When Total Productive Maintenance got underway outside of Japan, its basic principles often went unexplored and/or underdeveloped. Those principles, i.e., the “Pillars,” were intended to be INTERDEPENDENT, meaning each enabled and enhanced the others. They were not intended to be separate functions of a “maintenance” program. Note that the focus of TPM is improving EQUIPMENT effectiveness, which goes well beyond performing better maintenance. Here are the “Five Pillars.”

1.  Improving equipment effectiveness by targeting the major losses
(or causes of poor performance).

2.  Involving operators in routine (daily) maintenance of their equipment.

3.  Improving maintenance efficiency and effectiveness.

4.  Training to improve the skills and knowledge of everyone involved.

5.  Early equipment management and maintenance prevention design.

All too often, the roles and responsibilities associated with Pillar 2, i.e., operator care (or “autonomous maintenance”), became INDEPENDENT of the remaining Pillars. Autonomous maintenance was not designed as a stand-alone program, despite an unfortunate translation from Japanese.
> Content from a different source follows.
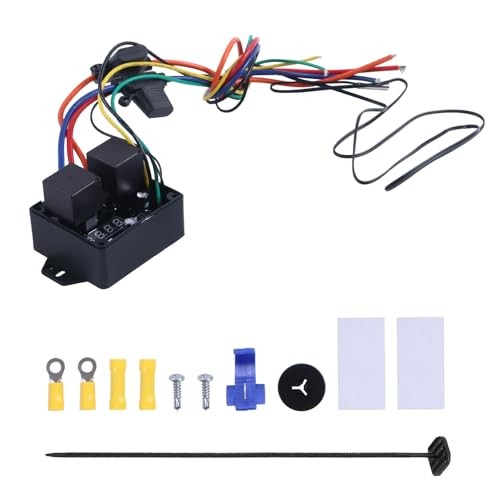DC0444 Digital Radiator Fan Controller Switch 12V and 24V, Adjustable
Unintentionally, two of 11 chapters of the out-of-print book Training for TPM – A Manufacturing Success Story, published by the Japan Institute for Plant Maintenance (JIPM), in 1986 (and Productivity Press, in 1990), set the stage for a stand-alone program called “autonomous maintenance.”
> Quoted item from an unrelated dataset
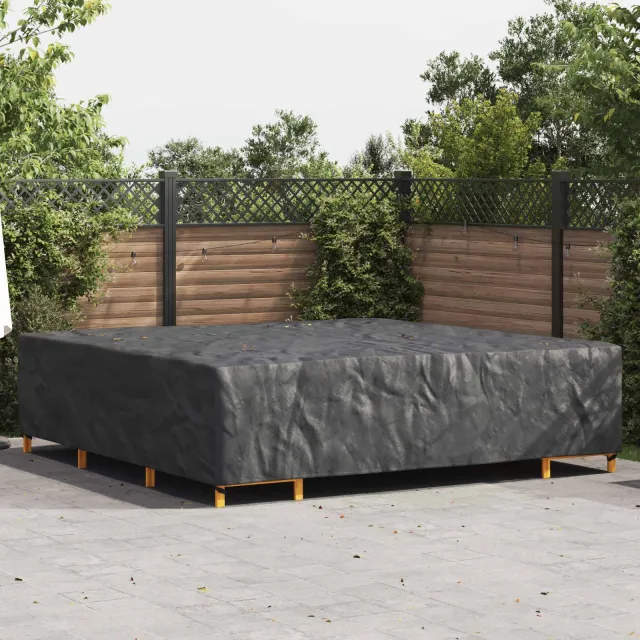 vidaXL Meubelhoes Effen Zwart 300 x 300 x 70 cm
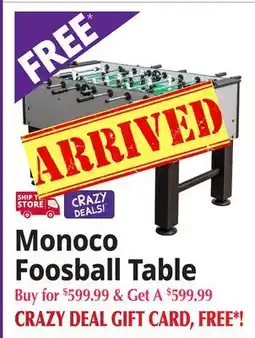 Ocean State Job Lot Monoco Foosball Table offer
So, let’s recalibrate the second Pillar of TPM in context. The interdependence TPM’s Pillars starts with the first one involving DATA and the targeting of the “major losses or causes of poor performance.” Again, this is the Pillar that launched “Overall Equipment Effectiveness” (OEE) as the root-cause score card of equipment-performance problems. This OEE DATA should point us to problems, causes, priorities, desired conditions, roles, and responsibilities.

Now, consider the remaining four Pillars and how to “focus on results” (the desired conditions and priorities). Focus on ONE problem to eliminate using root-cause analysis tools and techniques. The results of a root-cause analysis should then lead to answering the following four questions:

1.  What role can operators play in eliminating the problem? The operators are
part of an equipment improvement team effort.

2.  Next, what can maintenance staff and systems do to eliminate the same problem?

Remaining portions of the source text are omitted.